Jay Rayner 

La grande delusion

The chef may have hobnobbed with Ramsay and Blumenthal, but his fancy French trappings and cosmic toppings would leave the men from Michelin seeing stars, says Jay Rayner.
  
  


Alexanders at Limpsfield
The Old Lodge, High Street, Limpsfield, Surrey
Tel: 01883 714 365
Price: Meal for two including wine, £150

Alexanders at Limpsfield in Surrey wants a Michelin star like adolescent girls want to snog Johnny Depp. It is gagging for it. Look! They have four kinds of bread and a French maitre d' called Bruno. They do amuse bouche and pre-dessert, and between courses a nice lass scrapes at the table for crumbs that aren't there. But mostly what Alexanders has are prices, big fat ones, of the sort that make the wallet recoil like a small lad's testes on hitting icy water.

Mind you, I knew the prices were there. A few weeks ago the new chef at Alexanders, which recently reopened after a major renovation and name change, turned up on the food website egullet.com asking for advice on how to attract restaurant critics. (The answer, obviously, is to turn up on egullet asking how to attract restaurant critics.) The chef, Simon Attridge, had a star at a previous restaurant, has spent time with both Gordon Ramsay and Heston Blumenthal and, after a stint in China, is determined to make a mark.

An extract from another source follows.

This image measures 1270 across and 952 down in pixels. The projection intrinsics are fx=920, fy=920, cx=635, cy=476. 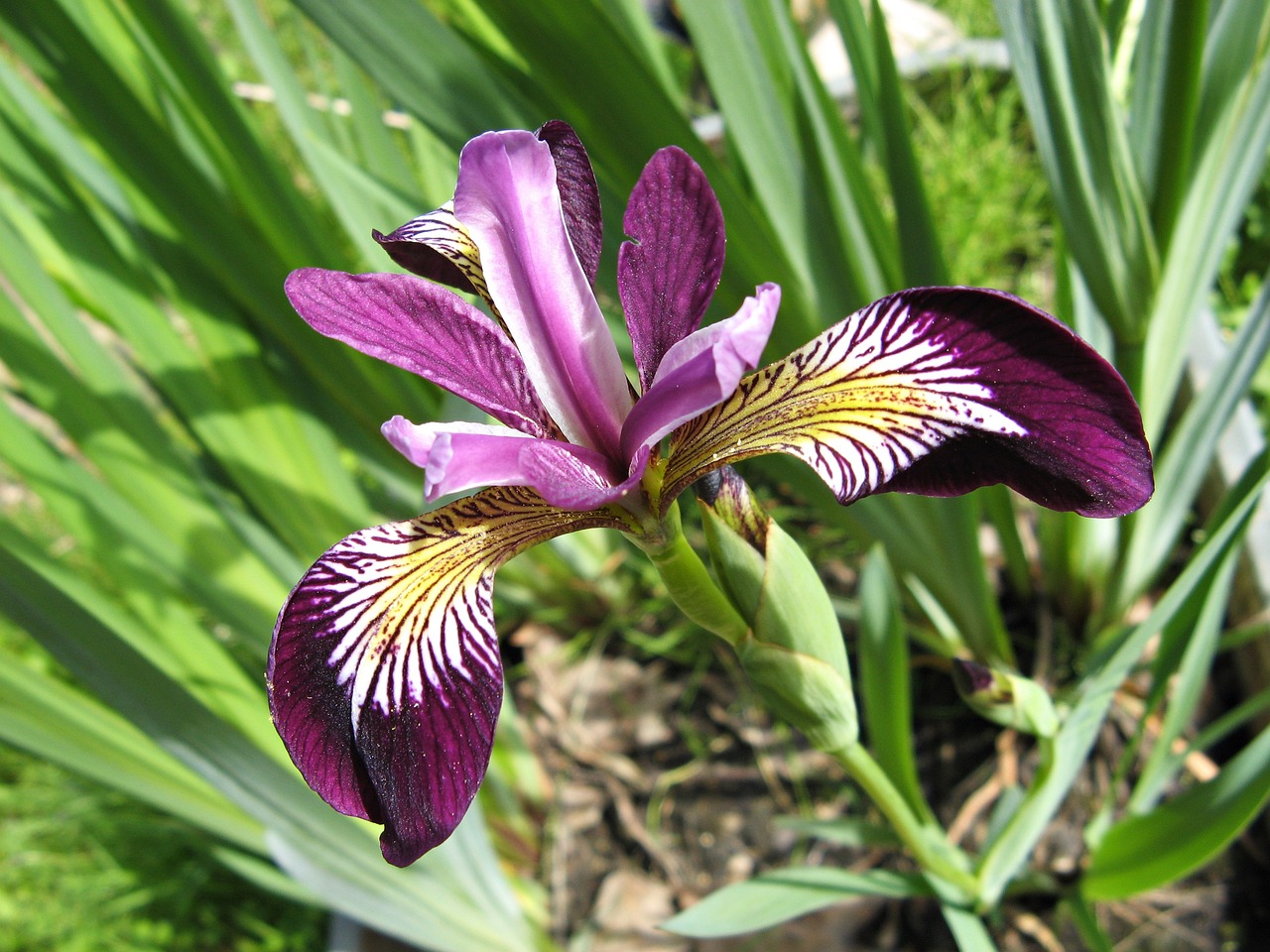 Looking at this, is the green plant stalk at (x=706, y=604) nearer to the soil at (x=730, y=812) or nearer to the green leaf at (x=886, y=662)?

The members of egullet had a look at the restaurant's website and, after pointing out that the prose amounted to actual bodily harm upon the English language, told him to drop his prices. Alexanders, they said, was charging as if it were a big, famous London joint. Think £9 to £17 for starters and £17 to £28 for mains. Attridge muttered about ingredient costs and said that, in any case, they also had a cheaper brasserie so it shouldn't be a problem. I thought he was wrong and told him so. I said he should drop those prices by 30 per cent, until he had built a loyal clientele and a reputation. Then slowly prices could build.

I wanted to know whether he had listened to us. The answer is no. Alexanders is certainly an attractive building. It is a hunk of Victoriana with mullioned windows and, inside, a big airy dining room with wood-panelled walls and, to lighten the load, blond-wood floors. And on a weekday lunchtime, just five punters. And no wonder: all they serve is the eviscerating a la carte. No set lunch. Just bankruptcy written up on heavyweight paper. It felt like one of Ramsay's Kitchen Nightmares in waiting. A bit of big sweary talk in the kitchen to ram some sense into these people certainly wouldn't hurt.

The first thing I ate was an amuse of Jerusalem artichoke veloute with a slick of truffle oil. For an ambitious chef this was a desperate lurch into cliche. I know you will want to punch me for saying this, but I spent the entirety of 2002 eating pale veloutes dressed with truffled grease. And this one wasn't bold enough to make the argument for revisiting them.

After that, the £17 starter, which bawled 'look at me!' Around the plate a Jackson Pollock nose bleed of reduced red wine, a heap of pain d'epice - crunchy, spiced biscuit crumb - slices of poached pear, a bit of pea shoot salad, and some curls of uncooked celery. Oh yes, and four seared scallops. It speaks volumes that I almost forgot about them. The scallops were cooked perfectly well but were completely overwhelmed by everything else. Curiously though, the soft pear and the crunchy spiced crumb went together beautifully. In short, somewhere in this starter was a lovely dessert struggling to get out. This can never be a good thing.

My main course had similar problems. Venison, apple sauce and black pudding makes sense. Together they shout forest and hill. So what were chunks of chorizo doing in there? I have no idea. But I do know that, at £25, it was a lot of money for not enough. I was asked how I would like the venison served. I said I would leave it to the kitchen. Apparently the kitchen likes its venison a uniform grey.

Things picked up considerably at the sweet end of the meal. A pre-dessert of rhubarb compote with a slightly heavy ginger foam, all sprinkled with space dust and served in a dinky Kilner jar, may have felt like a self-conscious stab at modernism - why the jar? And why the space dust? - but the flavours worked. And, at the end, a Valrhona chocolate fondant, with a tumescent outer shell, hiding a centre of pure liquid, was beyond reproach. I liked the caramel ice cream it came with and the smear of salted caramel sauce across the plate.

The point is that Attridge and his team can, for the most part, cook. They know what they are doing with individual ingredients. But the end result feels contrived and unbalanced and, at the risk of sounding like a stuck record, crushingly, unreasonably expensive. I touched not a drop of alcohol and my bill for one came to £63. Split a bottle of wine and splash out on pre- and post-dinner drinks and you are looking at north of £150 for two. For a restaurant you have never heard of.

At the moment, Alexanders is pricing itself as if it were a destination restaurant. And that, I'm afraid, is not the way to make people go there.